**Exercise objective**
Excluding pictures, what does the listing below contain from the line with "Jupiter Dragons Speedo" up to and including the line with "Anomaly Agent (v1.1.0.07)", word for word?

** Material for this exercise follows **

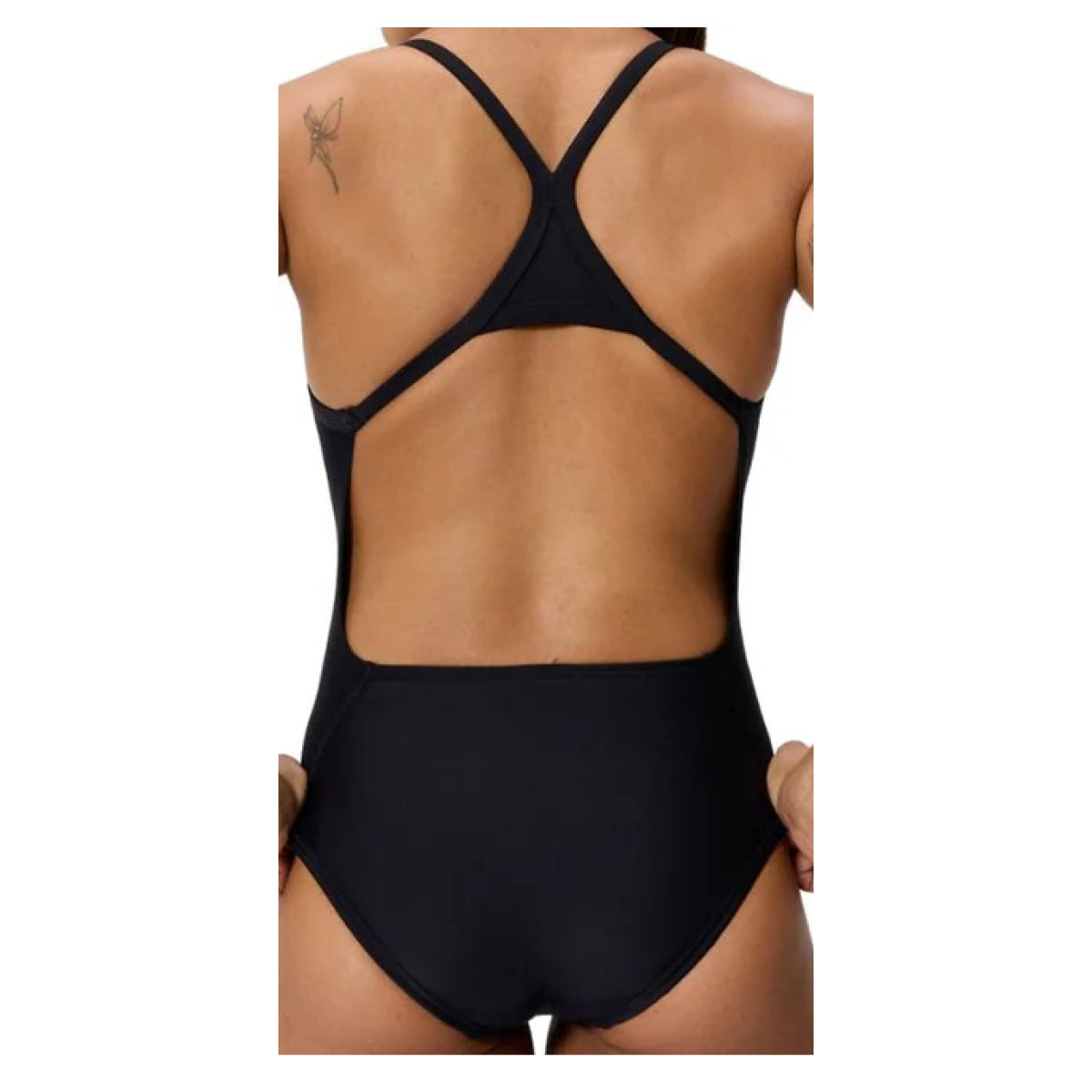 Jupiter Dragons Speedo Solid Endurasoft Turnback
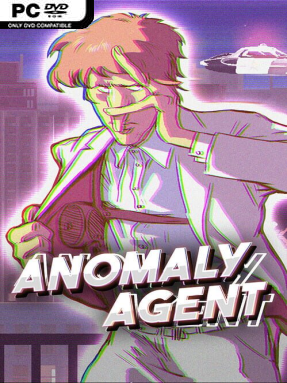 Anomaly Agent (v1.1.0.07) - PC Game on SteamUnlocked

** End of Material for this exercise **
** Material for this exercise follows **

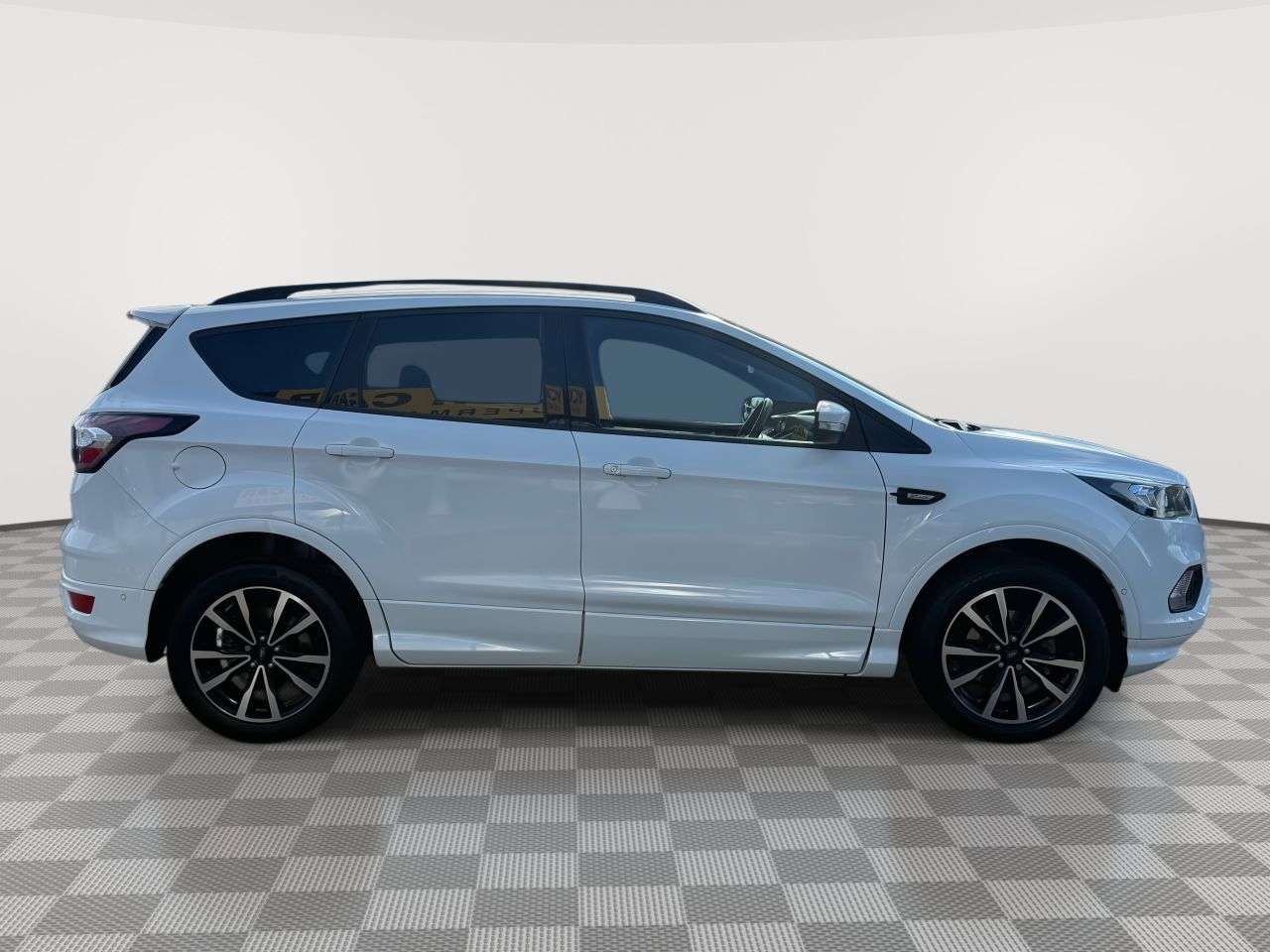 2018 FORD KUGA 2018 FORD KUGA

** End of Material for this exercise **

**Answer to this task**
 Jupiter Dragons Speedo Solid Endurasoft Turnback
 Anomaly Agent (v1.1.0.07) - PC Game on SteamUnlocked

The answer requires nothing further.